Coefficient point estimates, confidence intervals and P values were computed in R using the lm function64. Additionally, a logistic regression model for prediction of PASC was fit with coefficients for total IgM, total IgG3, IgM*IgG3, anti-spike IgA, anti-spike IgG, number of acute symptoms, history of asthma bronchiale and age, using the following formula:

$$\begin{array}{l}PASC\sim IgM \times IgG3 + anti\,spike\,IgA + anti\,spike\,IgG\\ + number\,of\,acute\,symptoms + history\,of\,asthma\,bronchial + age\end{array}$$

Coefficient point estimates, confidence intervals and P values were computed in R using the glm function as described previously17,64.

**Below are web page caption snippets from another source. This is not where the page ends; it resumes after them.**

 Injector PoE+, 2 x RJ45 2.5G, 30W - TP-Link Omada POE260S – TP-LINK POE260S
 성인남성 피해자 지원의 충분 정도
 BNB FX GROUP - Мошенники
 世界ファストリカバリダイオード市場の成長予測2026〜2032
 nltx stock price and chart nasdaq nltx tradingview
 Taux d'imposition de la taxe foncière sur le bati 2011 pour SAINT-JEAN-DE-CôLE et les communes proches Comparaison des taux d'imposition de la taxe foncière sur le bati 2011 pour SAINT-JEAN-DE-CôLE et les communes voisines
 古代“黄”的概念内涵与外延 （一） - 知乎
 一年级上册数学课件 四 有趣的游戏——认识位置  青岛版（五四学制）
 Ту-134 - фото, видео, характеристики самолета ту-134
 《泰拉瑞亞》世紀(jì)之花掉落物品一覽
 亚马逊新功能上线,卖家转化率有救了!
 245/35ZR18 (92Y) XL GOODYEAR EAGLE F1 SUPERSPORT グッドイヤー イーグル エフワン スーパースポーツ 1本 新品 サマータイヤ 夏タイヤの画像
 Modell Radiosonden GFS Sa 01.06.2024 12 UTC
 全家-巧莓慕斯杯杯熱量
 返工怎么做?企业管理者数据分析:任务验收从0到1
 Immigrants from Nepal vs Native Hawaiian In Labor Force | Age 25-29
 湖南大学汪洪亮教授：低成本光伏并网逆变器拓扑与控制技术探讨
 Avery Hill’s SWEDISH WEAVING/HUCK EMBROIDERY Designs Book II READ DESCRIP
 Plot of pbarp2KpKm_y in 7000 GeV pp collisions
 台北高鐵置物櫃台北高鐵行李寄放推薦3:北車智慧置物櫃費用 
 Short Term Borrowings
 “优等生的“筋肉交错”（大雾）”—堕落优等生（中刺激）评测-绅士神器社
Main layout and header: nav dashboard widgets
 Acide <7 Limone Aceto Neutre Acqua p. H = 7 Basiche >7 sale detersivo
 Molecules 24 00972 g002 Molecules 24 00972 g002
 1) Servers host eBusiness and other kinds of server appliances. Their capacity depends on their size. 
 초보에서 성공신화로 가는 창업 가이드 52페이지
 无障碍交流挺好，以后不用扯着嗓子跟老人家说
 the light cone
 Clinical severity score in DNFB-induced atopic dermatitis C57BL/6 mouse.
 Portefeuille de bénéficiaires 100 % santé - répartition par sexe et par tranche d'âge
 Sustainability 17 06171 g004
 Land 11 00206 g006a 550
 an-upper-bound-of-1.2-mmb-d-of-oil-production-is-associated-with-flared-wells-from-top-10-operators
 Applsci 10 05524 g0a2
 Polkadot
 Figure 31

Other data processing, analyses and visualization

CDEs were queried from Epic Clarity, Epic Caboodle and several in-house databases. Manual chart review was conducted using Epic Hyperspace. Most data analyses were performed using the R statistical language major version 4 (ref. 73) and the Bioconductor suite of packages74. Large data tables were read, written and processed using many tidyverse packages75 as well as the R package data.table. With the exceptions of Extended Data Figs. 3a and 5, all plots were created using ggplot2 (ref. 76). The following statistical tests and methods were implemented by R functions unless otherwise noted: Student’s t-tests: t.test; Mann–Whitney tests (also known as Wilcoxon rank-sum tests): wilcox.test; Fisher’s exact tests: fisher.test; tests of correlation: cor.test; fixed effects linear models: lm64; and multiple testing correction: p.adjust R function (specific adjustment methods noted above). Analyses were run in parallel using the R packages future, BiocParallel, foreach, doMC, batchtools77 and parallelDist. Intermediate results were cached for faster re-analysis using the R packages memoise and cachem. Study data were collected and managed using REDCap electronic data capture tools hosted by Scientific Computing at the Icahn School of Medicine at Mount Sinai78. Rows and columns in correlation plots and shared DEG plots were ordered using the R package seriation79. GO term enrichment results were clustered with GO-Figure!30 and visualized using the R package treemap. GO-Figure! and the first step of NGSCheckMate (variant allele fraction calculation) were run using Python 3.7.3. The 2nd step of NGSCheckMate (computation of inter-sample correlations and other statistics) was rewritten in R to accommodate larger sample sizes. Canonical correlations among all technical, clinical and demographic variables were calculated using the canCorPairs function and visualized using the plotCorrMatrix function from the Bioconductor package variancePartition23. CIBERSORTx was run using Singularity.

Reporting summary

Further information on research design is available in the Nature Portfolio Reporting Summary linked to this article.